Nyarko-san: Another Crawling Chaos (2012) aka Haiyore! Naruko-san aka Haiyore! Nyarlko-chan: Sometimes, it would be easier to be among the number of people who can declare movies - or in this case anime shows - to be a guilty pleasure, something to look down on from on high and enjoy ironically. Sadly or fortunately, I don't have that sort of barrier protecting me from actually enjoying stuff, and so it can happen that I'll go out and shout at all the world that'll hear it: "Oh boy, this generic, clichéd and low-brow anime romantic comedy - with mandatory fourth wall breaking - is often really funny, at least if you enjoy laughing about its millions of Lovecraft/Cthulhu Mythos and pop culture related jokes per episode!". Then, people look at me funny and at best mumble some crap about the show probably being "so bad that it's good", when it is in fact good enough to make me laugh. Repeatedly.

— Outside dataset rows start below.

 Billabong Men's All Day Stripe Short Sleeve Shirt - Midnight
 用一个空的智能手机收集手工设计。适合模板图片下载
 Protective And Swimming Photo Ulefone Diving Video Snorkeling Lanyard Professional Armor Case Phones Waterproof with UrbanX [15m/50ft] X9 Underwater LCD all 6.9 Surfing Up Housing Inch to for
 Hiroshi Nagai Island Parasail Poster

The Clairvoyant (1935): Music hall clairvoyant Maximus (Claude Rains) suddenly develops actual prophetic powers when in the presence of a woman (Jane Baxter) not his wife. After various melodramatic happenings, our hero's marriage to a pre-blonde Fay Wray is on the ropes, and he's standing in court for causing the catastrophes he foresees.

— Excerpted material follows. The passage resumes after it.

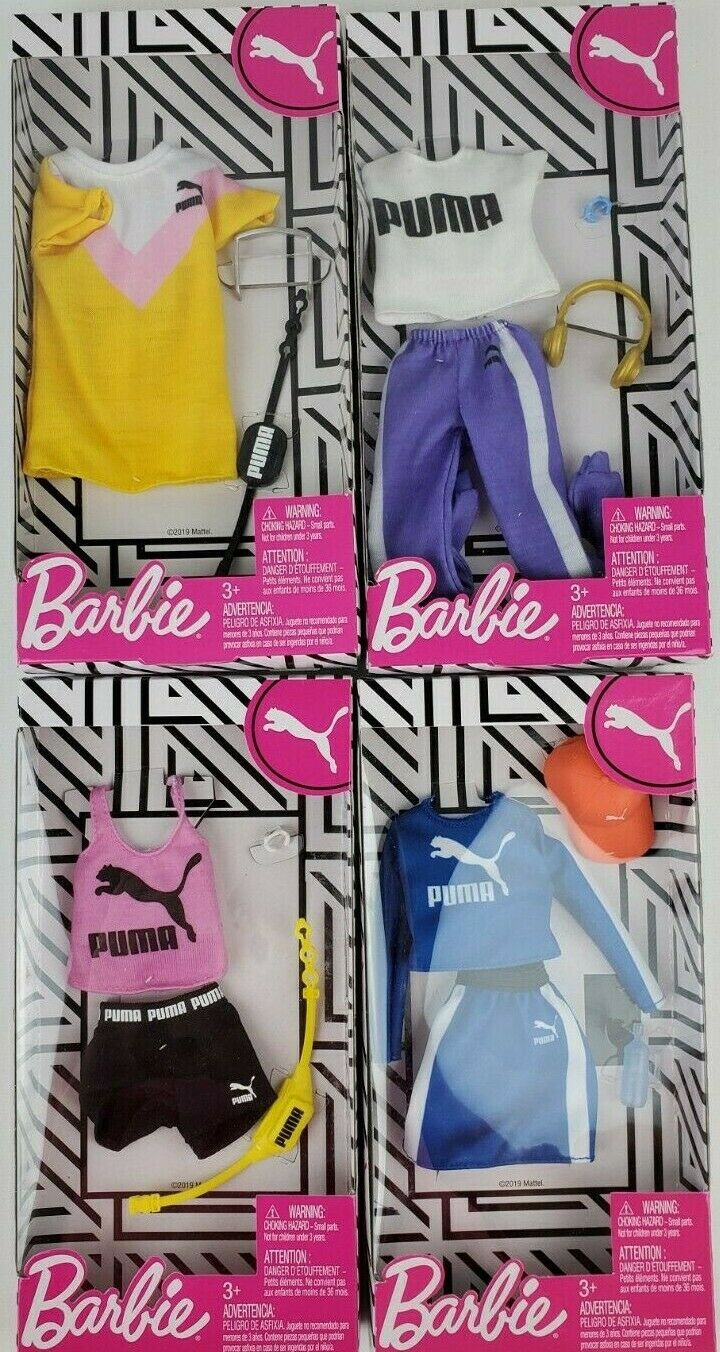 Barbie Puma Fashion Athletic Weat Clothing Packs Lot Of 4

Let's start with the positive: Wray and Rains really play well with each other, and Wray's more naturalistic acting style often helps reign in the cinematically less experienced Rains's tendency to just stare at the camera and declare his (pretty terrible) dialogue melodramatically like a bad stage actor. Unfortunately, that's about it: as a supernatural melodrama, the film's just not very interesting. The melodrama seems far-fetched, things happen because they are in the script instead of having the fated feeling they are supposed to have, and the film's treatment of the actually pretty fine ideas at its core is buried beneath tonal insecurity and complete lack of characterization (just try and describe Rains's character with a different word than "melodramatic").